A recent English High Court decision, S Franses Ltd v The Cavendish Hotel, examined a landlord’s intention to carry out substantial construction work to a premises and its ability to oppose its tenant’s lease renewal.

The law

A landlord in England may oppose a lease renewal by demonstrating that it intends to carry out substantial construction work to the premises and that it could not reasonably do so without obtaining vacant possession. This is known as "Ground F". There is a similar provision in the Irish Landlord and Tenant (Amendment) Act 1980. Both require that the landlord must be able to prove a fixed and genuine intention to redevelop at the date of the lease renewal hearing. The major distinction between Ireland and England is that English legislation only requires a reasonable prospect of planning permission, whereas in Ireland a valid planning permission is required.

The facts

In this case, prior to the hearing the landlord put forward a number of schemes of development. The final scheme related to the conversion of the premises to two retail units, which did not require planning permission, and was designed to meet the vacant possession requirement under Ground F. The landlord admitted it would not carry out this scheme if the tenant left voluntarily, but would carry them out in full if the court ordered vacant possession. The tenant argued that given the landlord’s intention to carry out this scheme was conditional on these works being necessary in order to satisfy Ground F, this was not a sufficient intention to satisfy Ground F.

The decision

The court determined that the landlord had the requisite intent to carry out the scheme and this intention satisfied Ground F. In coming to this conclusion, the court placed emphasis on the fact that the landlord gave an undertaking to carry out the works. The court stated that although market forces will usually generate commercially viable projects, legislative policy did not require it to do so. Ground F requires an examination of what the landlord intends to do and whether it intends to do it rather than why.

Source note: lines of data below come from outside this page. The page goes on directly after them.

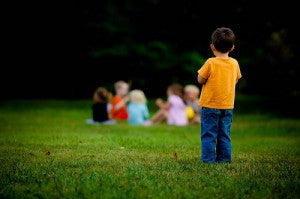 My Kid Does Not Have Friends, How Can I Help?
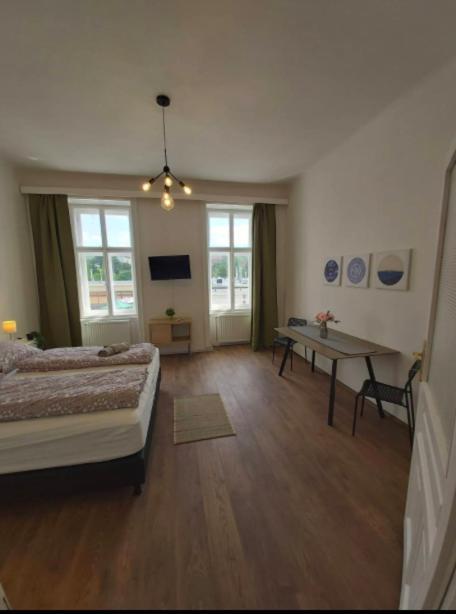 Cozy New Near Hannovermarkt Apartment Vienna
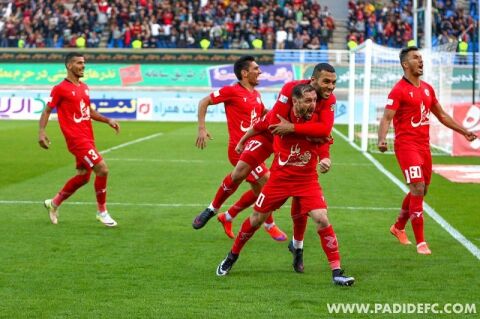 بحران دوباره در اردوی صدرنشین مشهدی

The Irish courts have similarly confirmed that the landlord’s intention must exist at the time of the court’s decision, and this intention must be grounded by a valid planning permission.

Conclusion

Landlords should be aware that while is it open to them to devise schemes of development founded on valid planning permissions in order to obtain vacant possession, courts will be sceptical as to the genuine nature of an intention to actually complete the works. In England, a legally enforceable undertaking to carry out the works may be required to ensure that the landlord does not ‘change its mind’ after vacant possession is obtained. In Ireland, where the landlord does not carry out the redevelopment within a reasonable time, the court may order the landlord to pay punitive damages to the tenant.